> [WORK REQUIRED] Look for the line that has "有種你就來第37關(guān)怎么過 一共出現(xiàn)了多少個z圖文攻略" in the material below; please repeat it and every line after it, exactly, up to and including the line that has "球墨铸铁管_k9球墨铸铁管细节决定成败", and nothing else.

> [SOURCE INFORMATION]
———

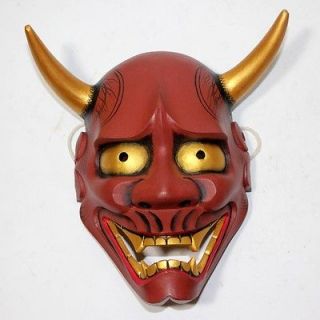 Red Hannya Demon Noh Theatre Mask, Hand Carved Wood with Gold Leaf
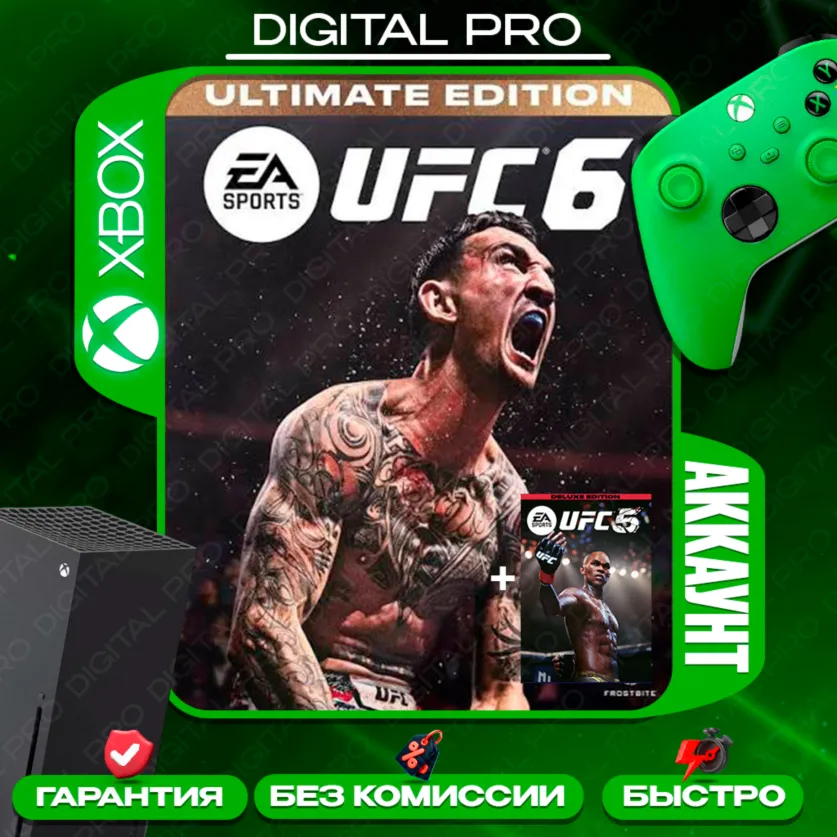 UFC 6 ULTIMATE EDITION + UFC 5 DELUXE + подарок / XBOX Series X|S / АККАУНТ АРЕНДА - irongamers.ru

———

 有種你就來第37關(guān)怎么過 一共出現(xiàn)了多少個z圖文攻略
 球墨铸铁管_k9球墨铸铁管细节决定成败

———

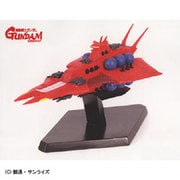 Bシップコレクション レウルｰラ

———

> [EXERCISE RESULT]
 有種你就來第37關(guān)怎么過 一共出現(xiàn)了多少個z圖文攻略
 球墨铸铁管_k9球墨铸铁管细节决定成败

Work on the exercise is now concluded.